▶ **Directions for this task**: A verbatim restatement of the data, free of pictures, is what you should output.

▶ **Provided data**:
⟨
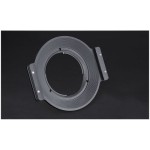 Uchwyt do filtrów kwadratowych 150mm NISI Aluminium Filter Holder do Canon TS-E 17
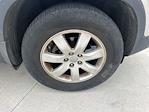 2013 Kia Sorento 4x2 SUV for sale #TDG375209 - photo 28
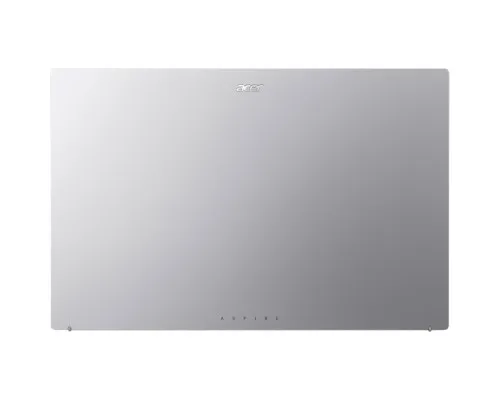 Ноутбук Acer Aspire Go 15 AG15-31P-37F5 (NX.KX5EU.00B)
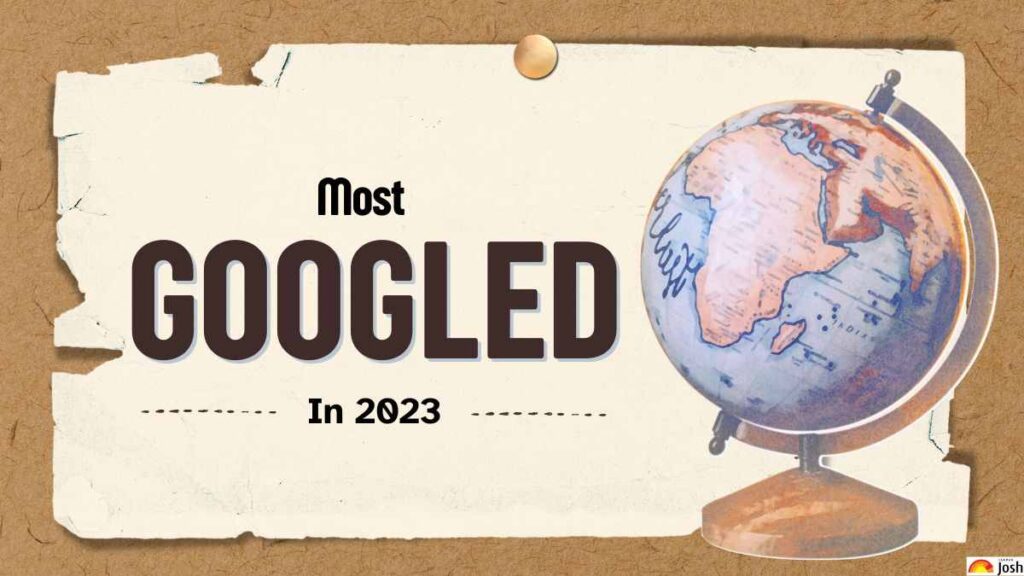 most google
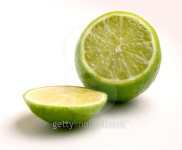 lime 이미지 (99006163) - 게티이미지뱅크 lime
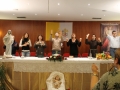 07-_4_Gennaio_2015_pom._Hotel_Caesar_Palace_Convegno_di_Formazione_._(58)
⟩
▶ **Output below**:
 Uchwyt do filtrów kwadratowych 150mm NISI Aluminium Filter Holder do Canon TS-E 17
 2013 Kia Sorento 4x2 SUV for sale #TDG375209 - photo 28
 Ноутбук Acer Aspire Go 15 AG15-31P-37F5 (NX.KX5EU.00B)
 most google
 lime 이미지 (99006163) - 게티이미지뱅크 lime
 07-_4_Gennaio_2015_pom._Hotel_Caesar_Palace_Convegno_di_Formazione_._(58)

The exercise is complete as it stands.